Task objective.
Within the listing below, please show every line carrying the string "Silver".

• • •

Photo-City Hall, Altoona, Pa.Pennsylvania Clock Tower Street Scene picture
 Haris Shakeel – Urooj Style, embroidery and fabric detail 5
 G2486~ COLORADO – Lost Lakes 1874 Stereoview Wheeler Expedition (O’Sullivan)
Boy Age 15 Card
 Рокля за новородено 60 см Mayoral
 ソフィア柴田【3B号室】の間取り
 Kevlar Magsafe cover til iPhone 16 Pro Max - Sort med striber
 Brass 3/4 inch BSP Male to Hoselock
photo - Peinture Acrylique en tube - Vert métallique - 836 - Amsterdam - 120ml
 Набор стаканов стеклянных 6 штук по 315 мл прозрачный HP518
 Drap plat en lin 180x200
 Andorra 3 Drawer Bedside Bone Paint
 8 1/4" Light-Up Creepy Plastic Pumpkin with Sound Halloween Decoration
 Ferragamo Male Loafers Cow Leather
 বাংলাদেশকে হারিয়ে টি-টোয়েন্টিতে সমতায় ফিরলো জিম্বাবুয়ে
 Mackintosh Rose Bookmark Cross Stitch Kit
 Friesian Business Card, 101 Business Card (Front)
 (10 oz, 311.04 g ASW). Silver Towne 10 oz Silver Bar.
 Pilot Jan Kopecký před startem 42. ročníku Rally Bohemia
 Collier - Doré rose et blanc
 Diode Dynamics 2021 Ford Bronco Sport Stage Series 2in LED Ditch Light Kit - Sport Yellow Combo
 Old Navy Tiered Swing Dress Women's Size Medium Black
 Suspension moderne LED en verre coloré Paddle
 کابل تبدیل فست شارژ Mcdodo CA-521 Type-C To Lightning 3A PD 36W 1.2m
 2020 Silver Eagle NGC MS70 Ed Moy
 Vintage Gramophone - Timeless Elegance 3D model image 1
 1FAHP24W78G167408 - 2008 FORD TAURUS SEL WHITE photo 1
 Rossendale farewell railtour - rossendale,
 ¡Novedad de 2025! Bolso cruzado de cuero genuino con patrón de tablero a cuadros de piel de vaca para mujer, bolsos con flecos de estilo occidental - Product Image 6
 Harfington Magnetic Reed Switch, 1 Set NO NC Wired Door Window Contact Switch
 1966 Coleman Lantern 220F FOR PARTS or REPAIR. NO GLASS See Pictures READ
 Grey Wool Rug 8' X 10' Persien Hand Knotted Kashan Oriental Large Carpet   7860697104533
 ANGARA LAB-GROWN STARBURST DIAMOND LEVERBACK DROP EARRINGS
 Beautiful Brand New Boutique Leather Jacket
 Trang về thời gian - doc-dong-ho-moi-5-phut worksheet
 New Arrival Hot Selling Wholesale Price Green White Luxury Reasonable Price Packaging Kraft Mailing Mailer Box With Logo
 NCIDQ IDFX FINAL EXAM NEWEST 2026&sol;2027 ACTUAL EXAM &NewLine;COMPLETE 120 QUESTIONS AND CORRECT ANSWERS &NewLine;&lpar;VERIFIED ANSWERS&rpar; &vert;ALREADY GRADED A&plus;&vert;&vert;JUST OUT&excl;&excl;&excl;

• • •

Your solution.
 (10 oz, 311.04 g ASW). Silver Towne 10 oz Silver Bar.
 2020 Silver Eagle NGC MS70 Ed Moy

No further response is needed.